* DIRECTIONS FOR THIS TASK *
From the first line of the entries below to the line with "Sign of fire", give each line again exactly.

[Start of Attachment]

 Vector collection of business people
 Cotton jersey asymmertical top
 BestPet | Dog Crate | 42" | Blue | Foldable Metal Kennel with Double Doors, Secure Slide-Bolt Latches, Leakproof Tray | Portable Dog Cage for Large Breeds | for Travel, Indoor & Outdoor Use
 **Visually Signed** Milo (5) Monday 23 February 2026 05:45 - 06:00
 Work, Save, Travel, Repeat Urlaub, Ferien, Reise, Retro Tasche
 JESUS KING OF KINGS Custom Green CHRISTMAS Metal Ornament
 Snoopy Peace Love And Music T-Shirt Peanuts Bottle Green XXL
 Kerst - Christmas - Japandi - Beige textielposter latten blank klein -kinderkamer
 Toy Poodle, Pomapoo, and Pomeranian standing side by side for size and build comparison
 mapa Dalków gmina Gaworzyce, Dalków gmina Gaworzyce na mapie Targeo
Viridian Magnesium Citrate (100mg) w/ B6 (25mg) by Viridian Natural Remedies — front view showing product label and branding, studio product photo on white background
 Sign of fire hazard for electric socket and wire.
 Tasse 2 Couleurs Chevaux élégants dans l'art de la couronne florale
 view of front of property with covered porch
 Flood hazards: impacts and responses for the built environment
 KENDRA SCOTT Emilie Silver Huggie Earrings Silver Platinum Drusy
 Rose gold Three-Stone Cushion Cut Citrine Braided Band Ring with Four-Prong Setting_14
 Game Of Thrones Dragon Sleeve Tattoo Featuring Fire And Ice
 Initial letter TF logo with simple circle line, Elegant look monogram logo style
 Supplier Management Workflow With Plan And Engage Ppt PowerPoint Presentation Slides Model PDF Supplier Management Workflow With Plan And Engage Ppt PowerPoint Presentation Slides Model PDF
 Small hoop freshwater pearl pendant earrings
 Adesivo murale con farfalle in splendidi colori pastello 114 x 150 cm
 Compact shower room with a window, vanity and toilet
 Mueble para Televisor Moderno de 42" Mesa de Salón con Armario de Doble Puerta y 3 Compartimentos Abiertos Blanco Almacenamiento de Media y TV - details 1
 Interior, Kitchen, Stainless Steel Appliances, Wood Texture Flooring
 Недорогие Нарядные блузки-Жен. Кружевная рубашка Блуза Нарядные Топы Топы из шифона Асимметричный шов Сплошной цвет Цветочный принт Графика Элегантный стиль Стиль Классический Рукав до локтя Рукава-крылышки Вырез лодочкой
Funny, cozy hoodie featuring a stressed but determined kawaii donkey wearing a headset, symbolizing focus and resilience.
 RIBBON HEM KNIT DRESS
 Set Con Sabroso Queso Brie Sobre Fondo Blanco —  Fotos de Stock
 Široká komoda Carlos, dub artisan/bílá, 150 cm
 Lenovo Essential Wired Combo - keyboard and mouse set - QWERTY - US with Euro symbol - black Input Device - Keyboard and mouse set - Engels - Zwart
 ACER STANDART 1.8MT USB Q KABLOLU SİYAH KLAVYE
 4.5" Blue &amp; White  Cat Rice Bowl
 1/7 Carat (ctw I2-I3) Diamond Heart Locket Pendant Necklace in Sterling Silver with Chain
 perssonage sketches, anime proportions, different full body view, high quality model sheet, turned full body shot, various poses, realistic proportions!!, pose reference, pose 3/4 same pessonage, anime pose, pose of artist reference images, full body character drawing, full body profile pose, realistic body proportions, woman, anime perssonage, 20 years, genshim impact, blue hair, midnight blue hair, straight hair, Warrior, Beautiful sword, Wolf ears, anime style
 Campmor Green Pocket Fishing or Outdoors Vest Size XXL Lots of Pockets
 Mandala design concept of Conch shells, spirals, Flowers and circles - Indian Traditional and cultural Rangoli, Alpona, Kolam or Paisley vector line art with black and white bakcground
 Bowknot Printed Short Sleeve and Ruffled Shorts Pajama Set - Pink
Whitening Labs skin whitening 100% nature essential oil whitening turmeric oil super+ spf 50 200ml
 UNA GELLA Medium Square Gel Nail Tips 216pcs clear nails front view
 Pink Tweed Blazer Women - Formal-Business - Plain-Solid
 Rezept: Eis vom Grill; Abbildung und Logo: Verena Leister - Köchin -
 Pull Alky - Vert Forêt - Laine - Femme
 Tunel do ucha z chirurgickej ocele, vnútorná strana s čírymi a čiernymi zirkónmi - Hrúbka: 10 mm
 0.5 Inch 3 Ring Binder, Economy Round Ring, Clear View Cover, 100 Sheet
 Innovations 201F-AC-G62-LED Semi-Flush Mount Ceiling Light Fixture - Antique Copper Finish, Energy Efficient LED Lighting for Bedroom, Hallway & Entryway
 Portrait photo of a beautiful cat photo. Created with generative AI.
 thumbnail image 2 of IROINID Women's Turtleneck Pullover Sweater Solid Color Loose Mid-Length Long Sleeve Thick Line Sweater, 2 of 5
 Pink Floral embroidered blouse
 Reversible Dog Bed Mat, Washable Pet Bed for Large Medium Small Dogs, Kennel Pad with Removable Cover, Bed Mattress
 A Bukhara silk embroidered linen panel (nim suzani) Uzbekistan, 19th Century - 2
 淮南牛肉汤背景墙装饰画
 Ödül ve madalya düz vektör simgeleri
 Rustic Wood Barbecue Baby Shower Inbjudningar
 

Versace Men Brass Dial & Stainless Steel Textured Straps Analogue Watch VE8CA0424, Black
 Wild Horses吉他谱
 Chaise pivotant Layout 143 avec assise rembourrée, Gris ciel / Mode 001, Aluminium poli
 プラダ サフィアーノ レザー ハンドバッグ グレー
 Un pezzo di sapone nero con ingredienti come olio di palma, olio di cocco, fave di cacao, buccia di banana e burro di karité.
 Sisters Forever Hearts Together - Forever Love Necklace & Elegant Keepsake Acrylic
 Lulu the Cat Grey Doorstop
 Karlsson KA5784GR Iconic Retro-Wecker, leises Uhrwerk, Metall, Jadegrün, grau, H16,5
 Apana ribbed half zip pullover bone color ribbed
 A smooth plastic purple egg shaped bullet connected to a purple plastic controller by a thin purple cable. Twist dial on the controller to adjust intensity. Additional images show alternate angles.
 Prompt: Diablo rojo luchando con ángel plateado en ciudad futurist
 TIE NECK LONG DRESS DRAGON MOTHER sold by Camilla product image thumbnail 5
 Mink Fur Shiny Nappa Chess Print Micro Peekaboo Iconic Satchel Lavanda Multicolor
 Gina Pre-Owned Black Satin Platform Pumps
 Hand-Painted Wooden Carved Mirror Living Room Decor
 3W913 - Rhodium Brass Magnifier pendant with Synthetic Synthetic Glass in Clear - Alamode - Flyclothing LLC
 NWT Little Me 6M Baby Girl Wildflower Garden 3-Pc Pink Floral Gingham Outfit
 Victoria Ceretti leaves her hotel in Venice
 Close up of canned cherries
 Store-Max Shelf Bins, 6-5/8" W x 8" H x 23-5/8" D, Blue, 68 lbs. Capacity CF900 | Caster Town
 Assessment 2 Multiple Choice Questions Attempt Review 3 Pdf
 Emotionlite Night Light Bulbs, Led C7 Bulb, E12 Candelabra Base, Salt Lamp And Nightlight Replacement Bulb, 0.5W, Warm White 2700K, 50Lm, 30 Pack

[End of Attachment]

* SOLUTION *
 Vector collection of business people
 Cotton jersey asymmertical top
 BestPet | Dog Crate | 42" | Blue | Foldable Metal Kennel with Double Doors, Secure Slide-Bolt Latches, Leakproof Tray | Portable Dog Cage for Large Breeds | for Travel, Indoor & Outdoor Use
 **Visually Signed** Milo (5) Monday 23 February 2026 05:45 - 06:00
 Work, Save, Travel, Repeat Urlaub, Ferien, Reise, Retro Tasche
 JESUS KING OF KINGS Custom Green CHRISTMAS Metal Ornament
 Snoopy Peace Love And Music T-Shirt Peanuts Bottle Green XXL
 Kerst - Christmas - Japandi - Beige textielposter latten blank klein -kinderkamer
 Toy Poodle, Pomapoo, and Pomeranian standing side by side for size and build comparison
 mapa Dalków gmina Gaworzyce, Dalków gmina Gaworzyce na mapie Targeo
Viridian Magnesium Citrate (100mg) w/ B6 (25mg) by Viridian Natural Remedies — front view showing product label and branding, studio product photo on white background
 Sign of fire hazard for electric socket and wire.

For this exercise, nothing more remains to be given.